**What is needed:**
At the line containing "100566136 | Photo 94", begin an exact copy of the lines below and continue through the final one, with no pictures.

Information provided below:

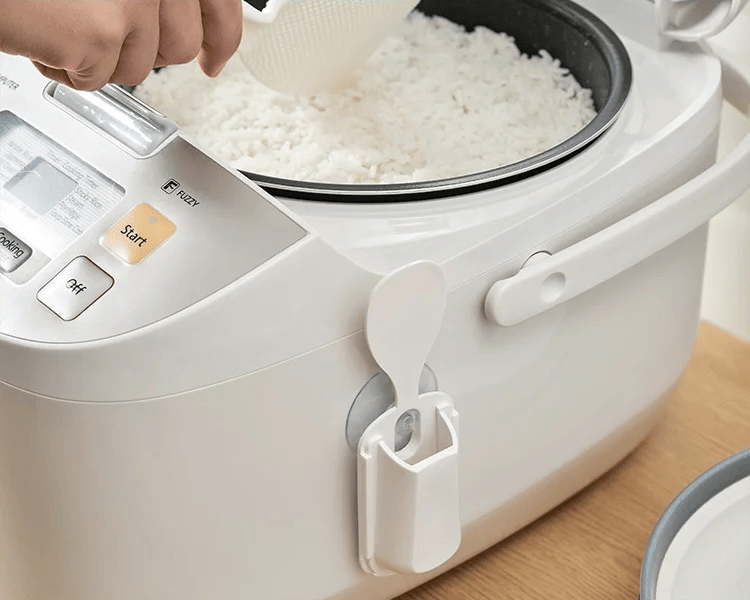 Japanese Style Seamless Suction Cup Rice Spoon Holder Kitchen Storage Rack Plastic Rice Spoon Organizers in white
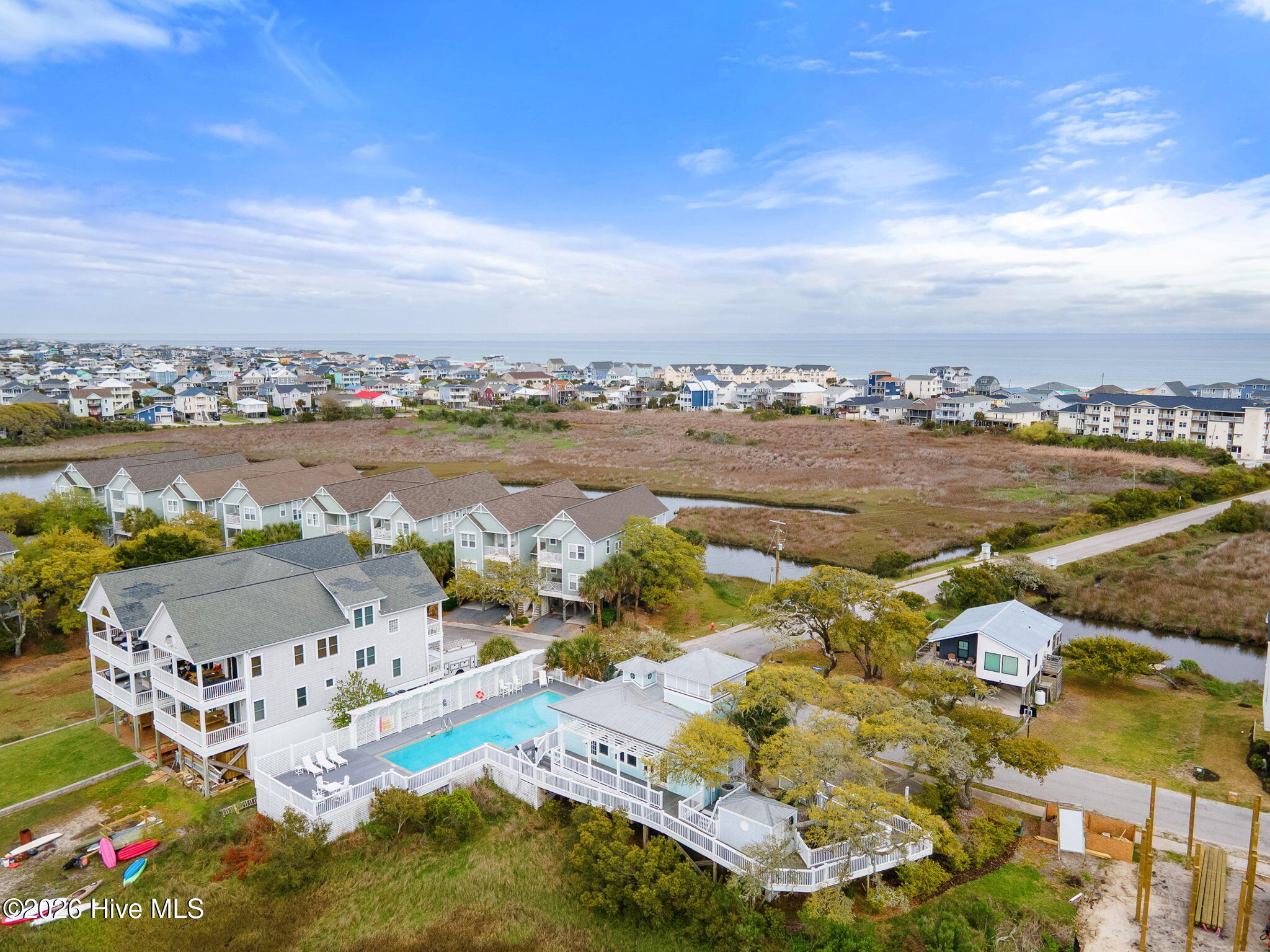 100566136 | Photo 94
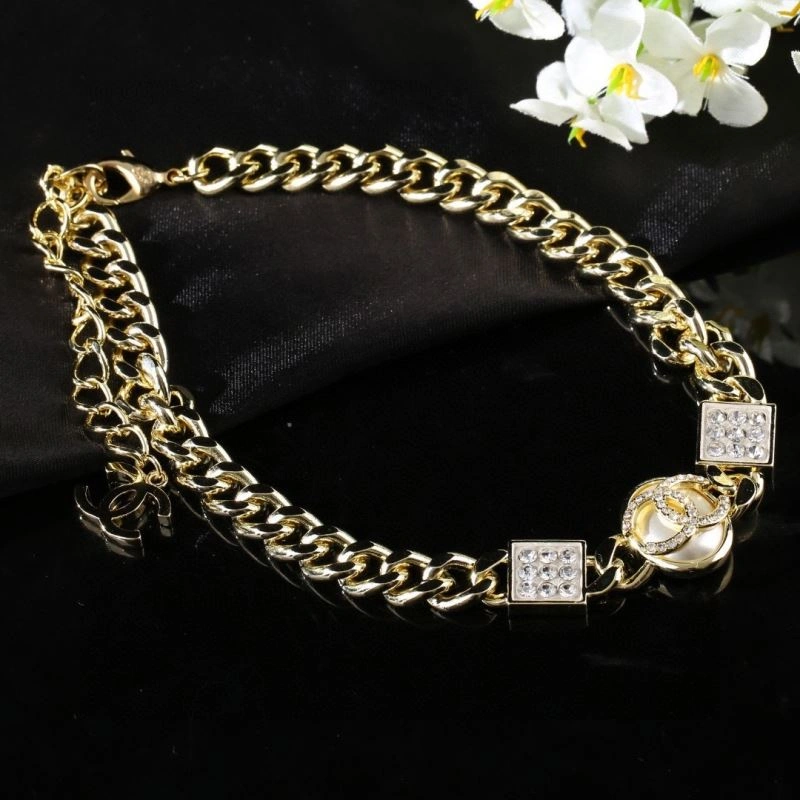 Sporty Chanel Necklaces 226616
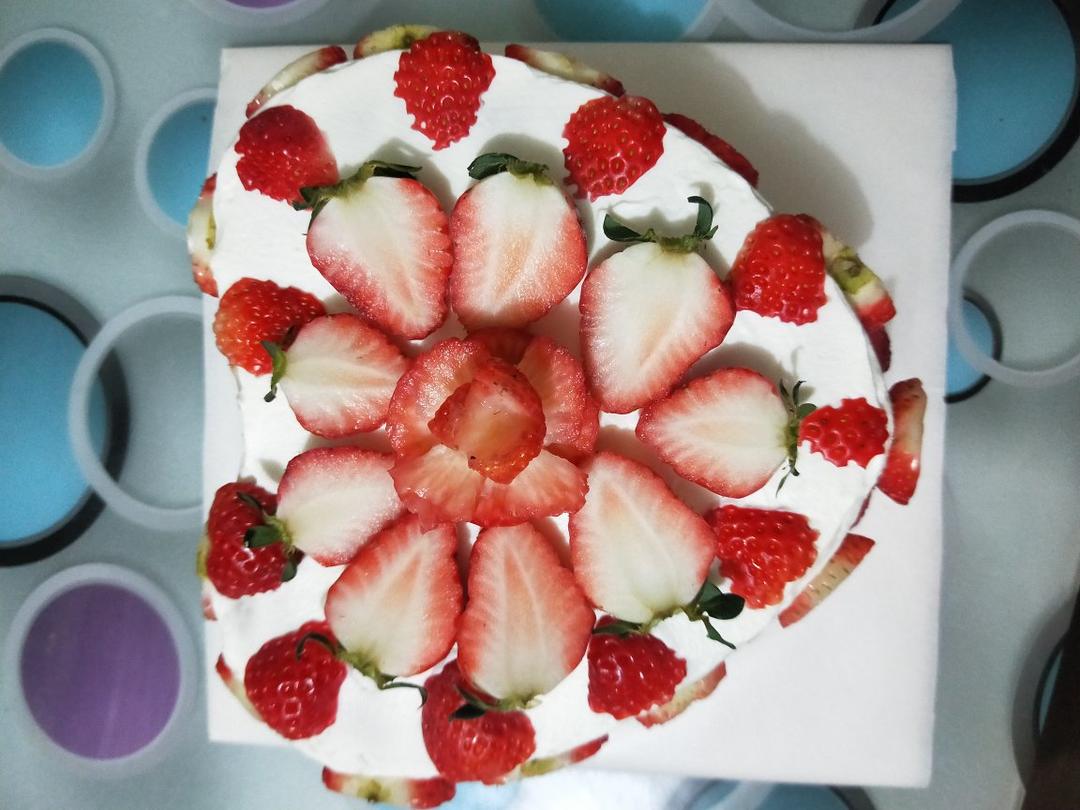 鲜奶草莓心形蛋糕
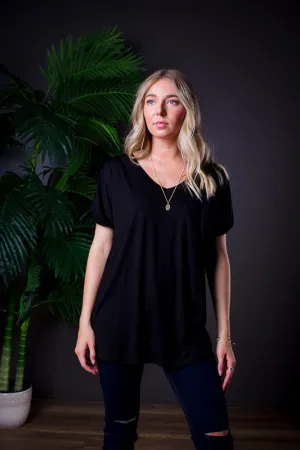 DARIA V NECK TEE BLACK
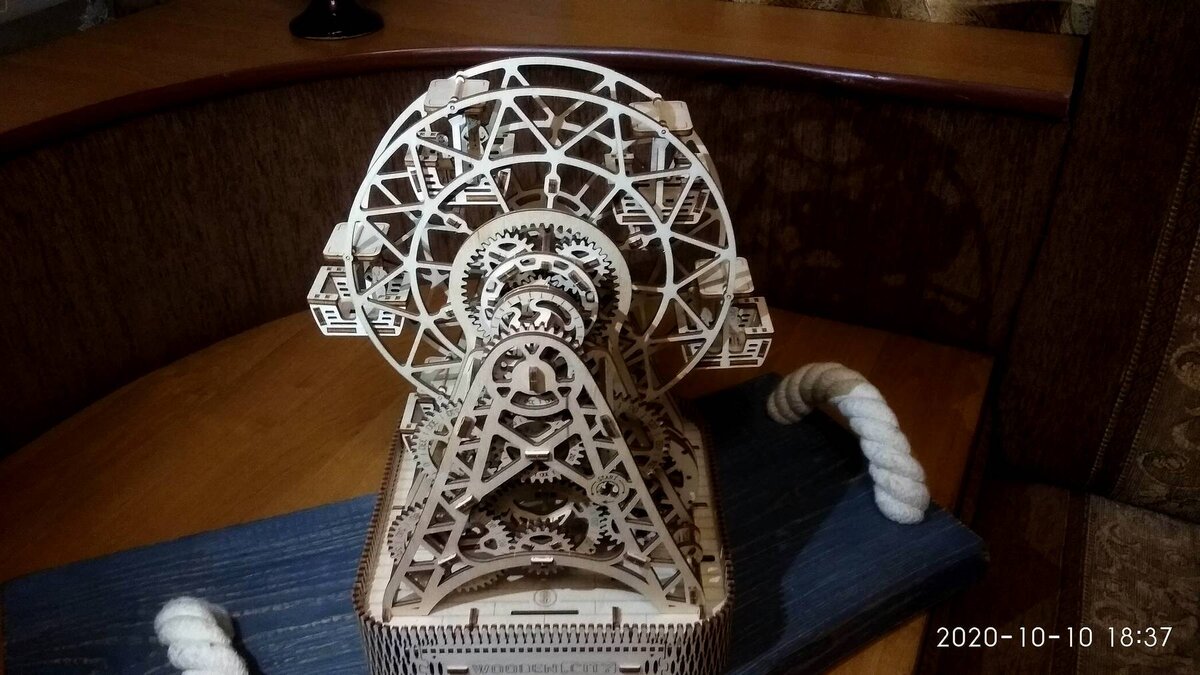 Все детали очень точно вырезаны, и все собирается без клея и гвоздиков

End of Information provided.

**Task answer:**
 100566136 | Photo 94
 Sporty Chanel Necklaces 226616
 鲜奶草莓心形蛋糕
 DARIA V NECK TEE BLACK
 Все детали очень точно вырезаны, и все собирается без клея и гвоздиков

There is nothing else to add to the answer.